In a small bowl, add the chocolate chips and oil and microwave in 30-second increments until the chips have melted. This usually takes a minute in my microwave. Next, line your molds with one layer of melted chocolate. Add 2-3 tablespoons of the melted chocolate into the mold and spread it out. Use a pastry brush or the back of a spoon. Freeze while you prepare the filling.
Prepare the filling
Make the pistachio butter by adding 2 cups of raw, unsalted, and shelled pistachios to a food processor, grinding till you have a smooth and runny butter. This can take 10-15 minutes. Please note that you may need to stop in between as the food processor can heat up. Set aside.Crush the rice chex into smaller pieces. I usually add them to a zip-top bag and crush them with a rolling pin or my hands. Then, add the chex, pistachio butter, maple syrup, and tahini to a small bowl and mix until combined.

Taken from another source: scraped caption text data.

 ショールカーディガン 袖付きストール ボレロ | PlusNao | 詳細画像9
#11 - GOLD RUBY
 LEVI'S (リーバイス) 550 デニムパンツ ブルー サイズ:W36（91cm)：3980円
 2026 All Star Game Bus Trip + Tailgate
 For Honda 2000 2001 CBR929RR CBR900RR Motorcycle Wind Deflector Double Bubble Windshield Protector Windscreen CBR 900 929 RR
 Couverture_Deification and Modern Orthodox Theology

Take the molds out of the freezer and divide the filling between the two. Using the back of a spoon or an icing spatula, pack it in tightly and then pour more melted chocolate over the top. Use a pastry brush, icing spatula, or the back of a spoon to spread and smooth the chocolate evenly. Place them back in the freezer for 10-20 minutes to set completely.

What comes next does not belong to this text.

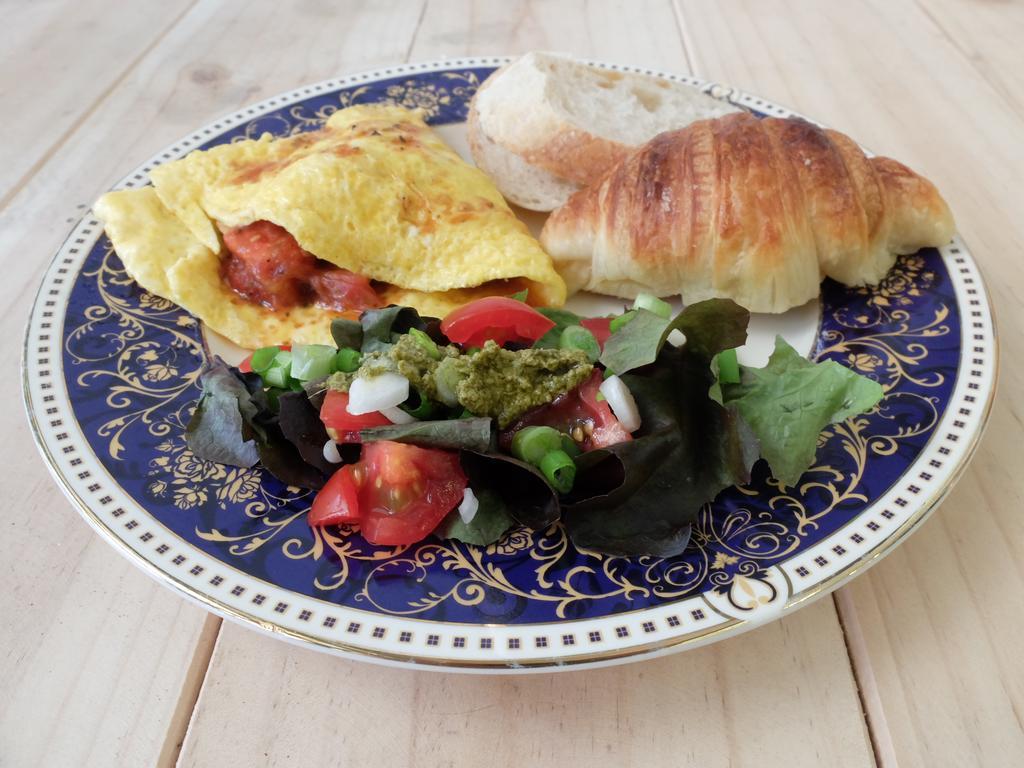 The London Tearoom Τσιάνγκ Μάι Εξωτερικό φωτογραφία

Unmold the chocolate, sprinkle with sea salt if using, and give it 2-5 minutes to rest before biting in!
Video
Notes
Make sure your Rice chex is gluten-free. Rice crispies were my first choice, but they have malt as an ingredient. Malt is made with wheat.
Pistachio butter can be made at home or buy-one ingredient pistachio butter from the store. The original recipe uses pistachio cream that contains sugar and other additives so I prefer to use pistachio butter. To make pistachio butter at home, add 2 cups of unsalted, unroasted, shelled pistachios into a food processor and grind till you get a runny butter. This usually takes 10-15 minutes. If using store-bought pistachio butter, add 7-8 ounces.
The success of this chocolate bar depends heavily on the chocolate, so make sure to use the best quality chocolate available.
Don't skip the freezer time. You want the chocolate to set completely before unmolding it.
Use a silicone mold for best results. It comes off much cleaner than plastic molds. If you can't find a silicone mold, use a parchment-lined loaf pan to get a similar shape.